Justin menarik sebuah senyuman. "Endless Love. Beauty and the Beast. Aku selalu ingat segala hal tentangmu, Spring. Dan itulah sebabnya aku membawamu kesini. Ini adalah tahun kesepuluh sejak—erm, sejak pertemuan tidak sengaja kita di tempat yang sama sekali tidak elit itu. Dan ini juga adalah tahun kesepuluh sejak aku menyaksikanmu bernyanyi bersama Citrus di gedung pertunjukan. Tahun kesepuluh sejak kita bertemu di subway. Tahun kesepuluh sejak aku melukai lenganmu. Tahun kesepuluh sejak aku menamparmu dengan keras dan membawamu ke apartemenku. Tahun kesepuluh sejak aku menceritakan mengenai kisah Beauty dan Beast di mobilku, dan tahun kesepuluh sejak aku menyatakan bahwa aku mencintaimu."

Kening Spring berkerut. "Soal cerita Beauty and The Beast itu, sejujurnya kau belum meneruskan cerita itu, Justin.

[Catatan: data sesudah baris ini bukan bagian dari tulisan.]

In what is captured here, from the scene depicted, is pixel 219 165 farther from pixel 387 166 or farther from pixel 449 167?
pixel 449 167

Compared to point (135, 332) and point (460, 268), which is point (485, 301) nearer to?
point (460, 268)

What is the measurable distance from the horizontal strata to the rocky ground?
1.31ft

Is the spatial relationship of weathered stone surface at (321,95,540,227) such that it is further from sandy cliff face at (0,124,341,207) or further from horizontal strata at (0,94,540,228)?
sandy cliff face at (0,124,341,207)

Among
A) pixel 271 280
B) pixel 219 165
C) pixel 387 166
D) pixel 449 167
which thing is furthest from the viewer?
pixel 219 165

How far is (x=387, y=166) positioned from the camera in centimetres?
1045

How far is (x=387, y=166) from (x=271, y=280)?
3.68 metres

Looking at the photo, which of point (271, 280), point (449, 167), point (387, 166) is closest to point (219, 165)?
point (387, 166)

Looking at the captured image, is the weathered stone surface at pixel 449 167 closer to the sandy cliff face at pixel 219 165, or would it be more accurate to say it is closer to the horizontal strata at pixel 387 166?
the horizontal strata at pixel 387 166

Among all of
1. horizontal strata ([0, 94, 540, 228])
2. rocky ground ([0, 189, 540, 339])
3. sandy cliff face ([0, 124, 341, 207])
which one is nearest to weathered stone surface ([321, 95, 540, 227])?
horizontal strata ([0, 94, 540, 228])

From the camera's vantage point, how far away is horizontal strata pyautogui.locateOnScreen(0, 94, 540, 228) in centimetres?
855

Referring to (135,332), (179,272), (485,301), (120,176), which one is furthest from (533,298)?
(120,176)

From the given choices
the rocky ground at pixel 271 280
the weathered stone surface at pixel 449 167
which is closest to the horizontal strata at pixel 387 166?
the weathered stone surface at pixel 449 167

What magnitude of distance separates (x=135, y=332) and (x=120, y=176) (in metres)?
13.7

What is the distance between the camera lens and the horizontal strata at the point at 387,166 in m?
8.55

Kau belum memberitahuku tentang ending dari cerita itu. Bukankah kau berjanji untuk memberitahukan mengenai endingnya suatu hari nanti?"

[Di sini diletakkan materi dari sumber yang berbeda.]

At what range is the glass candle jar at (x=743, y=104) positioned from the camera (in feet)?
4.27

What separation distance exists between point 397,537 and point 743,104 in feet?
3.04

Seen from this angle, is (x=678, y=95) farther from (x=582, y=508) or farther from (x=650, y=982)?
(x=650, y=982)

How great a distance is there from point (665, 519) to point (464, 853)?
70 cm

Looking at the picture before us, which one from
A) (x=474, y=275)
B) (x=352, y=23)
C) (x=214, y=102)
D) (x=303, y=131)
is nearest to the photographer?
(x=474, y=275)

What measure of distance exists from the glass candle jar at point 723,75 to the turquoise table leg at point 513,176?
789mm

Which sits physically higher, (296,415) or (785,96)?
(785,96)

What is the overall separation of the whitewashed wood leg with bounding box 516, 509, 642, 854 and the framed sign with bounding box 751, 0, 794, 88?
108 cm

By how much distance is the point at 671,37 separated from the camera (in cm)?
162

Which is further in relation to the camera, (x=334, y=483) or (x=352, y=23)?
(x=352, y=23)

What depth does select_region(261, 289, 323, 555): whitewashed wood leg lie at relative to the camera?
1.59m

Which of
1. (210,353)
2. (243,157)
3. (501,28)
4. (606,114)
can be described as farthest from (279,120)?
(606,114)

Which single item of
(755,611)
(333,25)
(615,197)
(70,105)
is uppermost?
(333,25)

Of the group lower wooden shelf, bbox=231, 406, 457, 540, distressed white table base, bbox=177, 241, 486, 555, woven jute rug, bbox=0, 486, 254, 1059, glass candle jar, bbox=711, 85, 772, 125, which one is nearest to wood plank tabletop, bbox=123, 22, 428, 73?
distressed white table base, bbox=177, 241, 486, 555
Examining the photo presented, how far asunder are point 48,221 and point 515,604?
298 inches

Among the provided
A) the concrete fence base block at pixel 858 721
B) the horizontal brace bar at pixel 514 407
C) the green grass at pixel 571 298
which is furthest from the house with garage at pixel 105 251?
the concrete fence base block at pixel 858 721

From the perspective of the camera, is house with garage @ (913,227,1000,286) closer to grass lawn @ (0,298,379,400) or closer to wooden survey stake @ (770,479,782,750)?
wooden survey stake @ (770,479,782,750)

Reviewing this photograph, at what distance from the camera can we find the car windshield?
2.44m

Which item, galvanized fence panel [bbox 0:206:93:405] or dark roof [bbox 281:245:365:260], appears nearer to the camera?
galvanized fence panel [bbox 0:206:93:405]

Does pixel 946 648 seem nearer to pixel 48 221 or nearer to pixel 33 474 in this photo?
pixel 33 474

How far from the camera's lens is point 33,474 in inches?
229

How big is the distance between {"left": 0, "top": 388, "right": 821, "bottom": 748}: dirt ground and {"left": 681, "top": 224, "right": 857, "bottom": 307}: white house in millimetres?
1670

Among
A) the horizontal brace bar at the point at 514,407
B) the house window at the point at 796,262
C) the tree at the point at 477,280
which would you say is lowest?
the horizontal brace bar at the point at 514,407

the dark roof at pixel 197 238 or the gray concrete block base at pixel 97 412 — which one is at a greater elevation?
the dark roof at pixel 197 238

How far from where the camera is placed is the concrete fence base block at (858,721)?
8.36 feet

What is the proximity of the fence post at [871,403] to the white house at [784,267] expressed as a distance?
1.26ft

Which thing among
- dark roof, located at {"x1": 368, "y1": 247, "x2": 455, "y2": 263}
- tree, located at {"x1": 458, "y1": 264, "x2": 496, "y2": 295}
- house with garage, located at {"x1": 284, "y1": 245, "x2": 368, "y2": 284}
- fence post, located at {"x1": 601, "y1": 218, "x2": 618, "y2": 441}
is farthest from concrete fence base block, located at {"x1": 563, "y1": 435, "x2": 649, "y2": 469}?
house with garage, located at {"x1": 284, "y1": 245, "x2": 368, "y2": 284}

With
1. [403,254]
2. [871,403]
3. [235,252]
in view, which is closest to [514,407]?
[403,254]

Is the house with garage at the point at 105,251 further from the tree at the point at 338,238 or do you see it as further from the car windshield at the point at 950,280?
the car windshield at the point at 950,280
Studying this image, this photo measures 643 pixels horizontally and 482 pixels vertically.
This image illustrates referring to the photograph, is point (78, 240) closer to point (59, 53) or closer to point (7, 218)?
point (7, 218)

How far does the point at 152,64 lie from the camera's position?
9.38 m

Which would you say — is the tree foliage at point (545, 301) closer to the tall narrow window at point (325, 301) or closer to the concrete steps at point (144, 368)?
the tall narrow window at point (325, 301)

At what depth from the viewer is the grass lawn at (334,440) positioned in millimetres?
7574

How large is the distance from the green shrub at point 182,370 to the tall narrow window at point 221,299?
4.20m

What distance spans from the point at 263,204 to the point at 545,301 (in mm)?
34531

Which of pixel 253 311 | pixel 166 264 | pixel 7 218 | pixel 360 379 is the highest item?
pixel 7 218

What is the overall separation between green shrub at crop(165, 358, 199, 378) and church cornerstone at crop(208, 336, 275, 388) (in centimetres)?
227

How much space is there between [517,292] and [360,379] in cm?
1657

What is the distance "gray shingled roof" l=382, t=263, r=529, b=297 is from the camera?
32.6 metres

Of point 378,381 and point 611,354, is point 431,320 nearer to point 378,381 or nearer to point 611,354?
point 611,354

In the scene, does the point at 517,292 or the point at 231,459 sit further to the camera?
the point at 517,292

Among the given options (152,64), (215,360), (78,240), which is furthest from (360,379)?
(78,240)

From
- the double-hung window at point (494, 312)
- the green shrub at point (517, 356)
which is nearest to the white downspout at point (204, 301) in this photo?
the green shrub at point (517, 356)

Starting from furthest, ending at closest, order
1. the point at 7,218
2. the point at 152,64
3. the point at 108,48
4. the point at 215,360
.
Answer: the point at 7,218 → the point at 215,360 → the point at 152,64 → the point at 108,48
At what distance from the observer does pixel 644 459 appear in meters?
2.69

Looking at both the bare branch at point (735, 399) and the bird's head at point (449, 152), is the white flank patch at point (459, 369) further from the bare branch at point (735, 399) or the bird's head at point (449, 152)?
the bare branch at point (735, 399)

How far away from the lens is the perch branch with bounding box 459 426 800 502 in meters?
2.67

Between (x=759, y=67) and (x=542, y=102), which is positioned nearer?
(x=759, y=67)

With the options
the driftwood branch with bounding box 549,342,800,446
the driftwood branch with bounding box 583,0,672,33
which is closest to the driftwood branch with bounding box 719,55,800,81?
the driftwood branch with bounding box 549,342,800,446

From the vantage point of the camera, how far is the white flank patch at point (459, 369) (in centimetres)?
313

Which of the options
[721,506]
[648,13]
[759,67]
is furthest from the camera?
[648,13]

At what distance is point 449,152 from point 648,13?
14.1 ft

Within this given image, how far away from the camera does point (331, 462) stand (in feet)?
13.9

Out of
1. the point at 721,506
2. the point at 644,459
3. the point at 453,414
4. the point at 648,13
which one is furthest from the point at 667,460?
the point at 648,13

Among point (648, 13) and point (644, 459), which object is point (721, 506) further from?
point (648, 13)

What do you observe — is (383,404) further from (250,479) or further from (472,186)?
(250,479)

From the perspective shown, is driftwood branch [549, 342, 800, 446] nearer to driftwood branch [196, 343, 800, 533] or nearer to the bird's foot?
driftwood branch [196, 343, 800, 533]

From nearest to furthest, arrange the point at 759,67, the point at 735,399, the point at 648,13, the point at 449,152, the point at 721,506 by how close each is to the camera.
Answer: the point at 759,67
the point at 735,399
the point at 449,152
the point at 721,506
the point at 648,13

Justin terkekeh. "Kau masih seperti dulu. Perempuan yang tidak sabaran." Justin berbisik, lantas melempar pandangan ke arah stage yang kosong karena penyanyi jazz yang semula bernyanyi telah turun dari panggung. "Bagaimana jika kita kembali mengulang masa lalu di panggung itu?"

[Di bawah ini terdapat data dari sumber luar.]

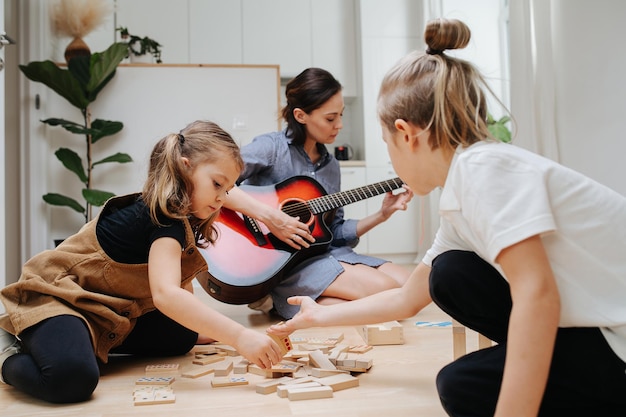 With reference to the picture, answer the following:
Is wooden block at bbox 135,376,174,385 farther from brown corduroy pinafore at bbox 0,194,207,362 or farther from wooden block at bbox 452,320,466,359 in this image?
wooden block at bbox 452,320,466,359

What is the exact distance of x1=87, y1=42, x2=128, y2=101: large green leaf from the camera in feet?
12.8

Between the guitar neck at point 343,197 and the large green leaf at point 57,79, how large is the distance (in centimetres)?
221

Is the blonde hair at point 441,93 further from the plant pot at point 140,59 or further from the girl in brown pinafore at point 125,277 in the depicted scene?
the plant pot at point 140,59

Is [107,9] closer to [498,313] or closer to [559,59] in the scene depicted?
[559,59]

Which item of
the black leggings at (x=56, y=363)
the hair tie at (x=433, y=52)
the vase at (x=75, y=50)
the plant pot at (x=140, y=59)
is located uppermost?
the plant pot at (x=140, y=59)

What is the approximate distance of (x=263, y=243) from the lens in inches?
92.4

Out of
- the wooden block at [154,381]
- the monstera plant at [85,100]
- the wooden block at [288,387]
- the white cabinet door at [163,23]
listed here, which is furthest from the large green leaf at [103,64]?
the wooden block at [288,387]

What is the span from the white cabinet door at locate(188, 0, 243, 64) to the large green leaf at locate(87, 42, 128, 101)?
1176 mm

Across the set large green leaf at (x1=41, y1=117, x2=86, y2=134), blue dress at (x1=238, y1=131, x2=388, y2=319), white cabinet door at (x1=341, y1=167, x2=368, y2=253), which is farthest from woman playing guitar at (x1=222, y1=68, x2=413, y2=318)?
white cabinet door at (x1=341, y1=167, x2=368, y2=253)

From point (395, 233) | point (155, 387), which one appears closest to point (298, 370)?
point (155, 387)

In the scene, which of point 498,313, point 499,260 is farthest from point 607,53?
point 499,260

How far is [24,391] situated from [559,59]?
250 centimetres

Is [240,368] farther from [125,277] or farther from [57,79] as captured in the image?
[57,79]

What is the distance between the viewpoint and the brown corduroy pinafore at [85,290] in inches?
60.4
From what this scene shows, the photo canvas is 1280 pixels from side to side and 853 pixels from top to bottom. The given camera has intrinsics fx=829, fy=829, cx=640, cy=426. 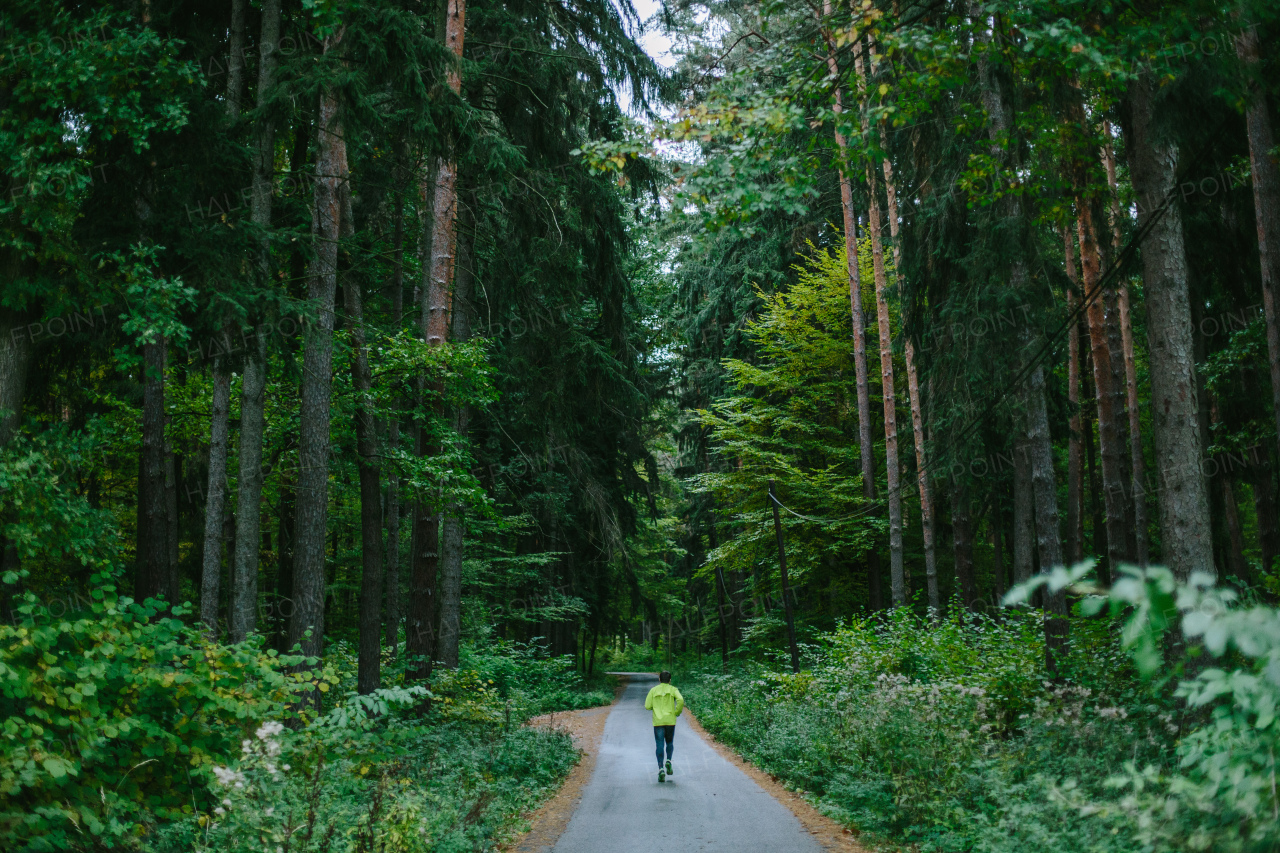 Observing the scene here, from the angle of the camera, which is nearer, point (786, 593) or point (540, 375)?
point (540, 375)

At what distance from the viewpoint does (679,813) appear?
31.7ft

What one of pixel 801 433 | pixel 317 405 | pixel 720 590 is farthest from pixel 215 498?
pixel 720 590

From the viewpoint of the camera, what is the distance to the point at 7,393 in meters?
9.30

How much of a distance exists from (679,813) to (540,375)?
8343 mm

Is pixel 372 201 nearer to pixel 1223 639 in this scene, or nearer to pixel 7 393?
pixel 7 393

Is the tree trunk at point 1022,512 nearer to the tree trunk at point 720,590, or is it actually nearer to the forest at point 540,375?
the forest at point 540,375

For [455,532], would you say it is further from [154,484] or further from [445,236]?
[445,236]

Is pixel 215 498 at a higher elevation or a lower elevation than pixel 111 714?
higher

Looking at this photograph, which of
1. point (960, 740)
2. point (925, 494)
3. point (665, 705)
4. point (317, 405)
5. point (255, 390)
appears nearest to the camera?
point (960, 740)

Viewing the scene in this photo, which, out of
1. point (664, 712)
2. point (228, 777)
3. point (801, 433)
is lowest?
point (664, 712)

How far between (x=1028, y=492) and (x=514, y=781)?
10569 mm

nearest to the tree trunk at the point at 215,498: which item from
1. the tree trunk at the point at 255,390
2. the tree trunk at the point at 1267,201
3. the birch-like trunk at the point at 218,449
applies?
the birch-like trunk at the point at 218,449

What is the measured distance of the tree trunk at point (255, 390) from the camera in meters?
10.1

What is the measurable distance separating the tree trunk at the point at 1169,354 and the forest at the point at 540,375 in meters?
0.04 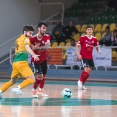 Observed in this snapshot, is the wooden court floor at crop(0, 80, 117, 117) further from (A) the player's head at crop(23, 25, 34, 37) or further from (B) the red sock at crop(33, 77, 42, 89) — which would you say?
(A) the player's head at crop(23, 25, 34, 37)

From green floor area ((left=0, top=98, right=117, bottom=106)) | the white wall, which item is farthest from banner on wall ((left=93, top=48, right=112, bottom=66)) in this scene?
green floor area ((left=0, top=98, right=117, bottom=106))

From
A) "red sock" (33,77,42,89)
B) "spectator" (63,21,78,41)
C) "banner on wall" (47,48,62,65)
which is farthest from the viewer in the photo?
"spectator" (63,21,78,41)

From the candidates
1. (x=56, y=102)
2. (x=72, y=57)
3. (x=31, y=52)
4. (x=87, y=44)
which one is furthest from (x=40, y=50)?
(x=72, y=57)

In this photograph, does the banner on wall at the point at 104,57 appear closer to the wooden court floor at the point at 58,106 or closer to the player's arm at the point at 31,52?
the wooden court floor at the point at 58,106

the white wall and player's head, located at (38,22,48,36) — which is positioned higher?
the white wall

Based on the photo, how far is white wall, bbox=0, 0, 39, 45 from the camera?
28305 mm

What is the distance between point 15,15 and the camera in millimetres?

Bibir Spring berkerut dan bola matanya memutar sebelum akhirnya kembali terfokus pada Justin. "Bukan masalah." jawab perempuan pada akhirnya sambil menyambut uluran tangan Justin. Justin mengangkat sebelah alis, menarik sebuah senyuman tipis dan melangkah bersama perempuan di sampingnya menuju stage.

Pemain band café Burgundy ini agaknya telah mengetahui mengenai rencana Justin untuk naik ke atas stage karena mereka langsung menyediakan dua kursi bar tinggi dan juga mic untuk Spring dan Justin. Spring menarik napas, mengedarkan pandang ke sekeliling ruangan dan menyadari bahwa tata ruang café mewah ini masih seperti dulu, meskipun interior dan design kursinya sudah berubah mengikuti perkembangan jaman. Gadis itu masih sibuk mengarahkan matanya meneliti ruangan yang tidak dipenuhi orang ketika mendadak kepalanya tertoleh dan tertuju pada Justin yang telah membaca sebuah lembaran di tangannya. Spring mengerutkan kening lagi, memandang Justin dan menyadari bahwa dia telah melakukan hal yang sama seperti yang dilakukannya sepuluh tahun lalu...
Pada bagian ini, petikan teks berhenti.